My husband is early stage Lewy Body Dementia (and not particularly difficult). But he is responsible for his 98 year old aunt, who lives in an assisted living in our town because he is her only relative. She is quite competent but has been complaining of a lot of pain--went to the hospital early Thanksgiving morning and to urgent care yesterday but they don't find anything broken. The doctor decided she has to be moved to the associated nursing home, which she has been in temporarily and hates. Yesterday afternoon I spent arranging 24 hour care for her until they can take her, which was supposed to be today. This morning she is trying to find a way to avoid it. DH was doing ok with going and helping her with little things, but he is having trouble dealing with this emotionally.
Meanwhile we just moved (after the difficult process of house renovations) and are still unpacking. Our 19 year old son is probably flunking out of college. It is a busy week for me at work--I should be grading papers now. But I'm at the end of my rope. I've sent out a bunch of calls for help but there isn't much anyone can do except listen to me vent.
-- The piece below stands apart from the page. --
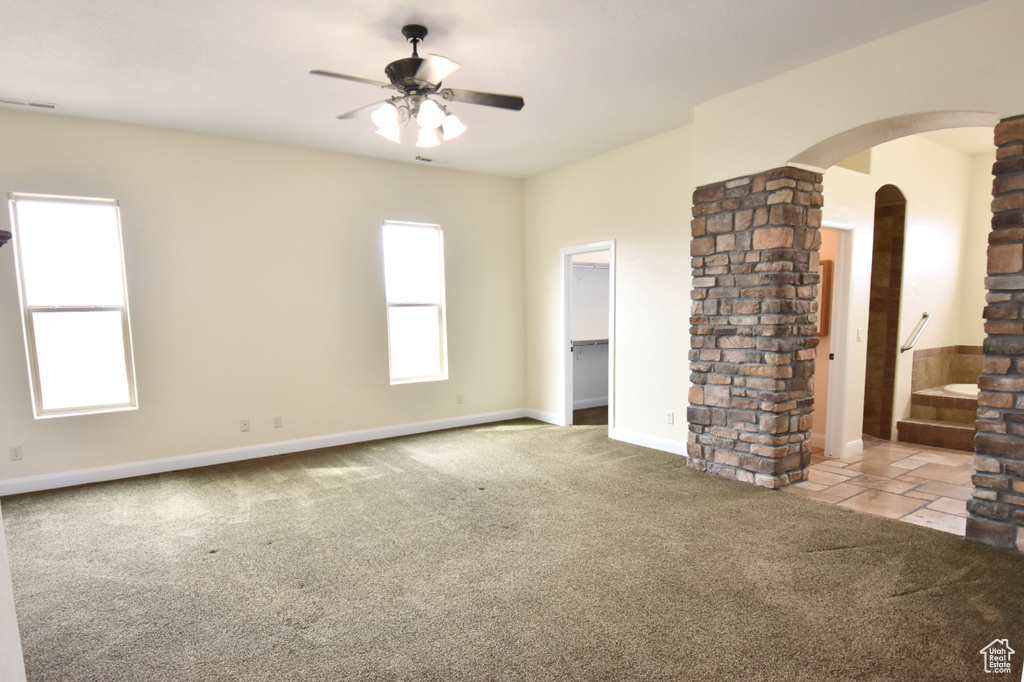 Empty room with light carpet, decorative columns, ceiling fan, and brick wall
Pam, we can at least do that here. We can also keep you in our thoughts and toss you a good long length of rope with some sturdy knots in it. Hang on tight. One thing we know for sure. Things always change.
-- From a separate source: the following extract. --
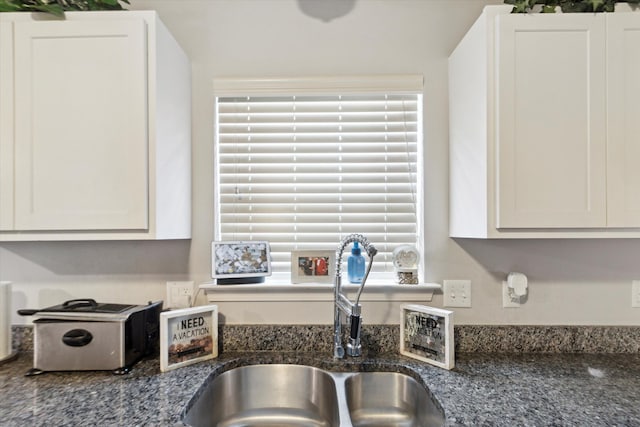 13943 Breakfast Dr, Redford, MI 48239 - kitchen with a sink, white cabinetry, and dark stone countertops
DH and I just had a good conversation about the alternative of his aunt going to the hospice house instead of the nursing home she hates. He said he would make several phone calls to explore that option. And then he called me back a few minutes later to ask if I have ordered more cocoa powder, because if I hadn't he wants to order more for his morning smoothies.
What I try to tell myself at times like this is that if I don't do it myself it won't get done right, but that is ok.
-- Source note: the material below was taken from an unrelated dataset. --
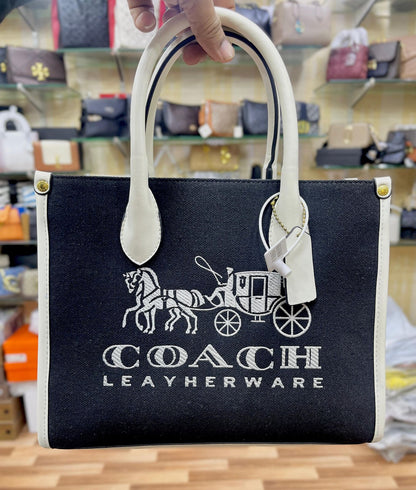 Canvas Coach Vike Cross Body Bags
Yes, we can listen and keep you in our thoughts. Time passes, things change, if not for the better, it gives one time to plan and deal w/eventualities. May this day be better for you.
Pam, what a lot you have to deal with! And I can sympathize that it's all happening now. When I was a faculty member I always resented that the end of the semester came right before Christmas. It's so time-consuming to deal with all the grading, writing exams (if you have to do that), grading those exams, and calculating final grades - not to mention the students who are upset about those grades! Adding all of that to the family issues must seem like the last straw. All I can say is hang in there! At least the end-of-the-semester stuff will be over soon. I hope DH's aunt decides to cooperate with you and the doctor.
John keeps getting focused on the idea that we need to get her tested to see if her pain is due to cancer. I keep trying to tell him that if her doctor is willing to qualify her for hospice without that then there is no need to know. He did hear back from her doctor that he saw hospice as an idea worth exploring. The facility wants to move her to the nursing home today in any case. The idea of her staying in her apartment with 24 hour care until she can be evaluated would be trying to stop a course that already has a lot of momentum. But it would make her a lot happier.
Pamsc, it may be easier on you for the time being if Auntie stays in the associated nursing home that is attached to the Assisted Living Facility. They will know her and have her records. Later, in the New Year when you have more time and energy, you can push for the Hospice if everyone agrees then that it would be better. In the meantime, she might settle in quite nicely at the associated nursing home.
I got some interesting advice from someone in a group I am in--to find one friend to be my support person for each part of the overwhelming load. I've asked one friend to help me get back to bicycling, and I'm going to contact another person who might be able to help me think through my son's situation.
Pamsc- One of the things I did a few years ago was to recruit "helpers", who had offered to help. When they asked what they could do to help, my response was to take care of the caregiver. I told them specifically that their greatest help would be to keep me in line, and step in when they felt I needed it. I gave them the responsibility to watch over me, and to interfere if they felt I was losing it. So far, it has helped me trememdously, because I am getting the help I really need, and none of what I do not need......
phranque like you I have a very dear friends who told me I was going over the edge. As depression is not always recognized by the sufferer it is a good grounding experience. What would we do without good and non judgemental friends.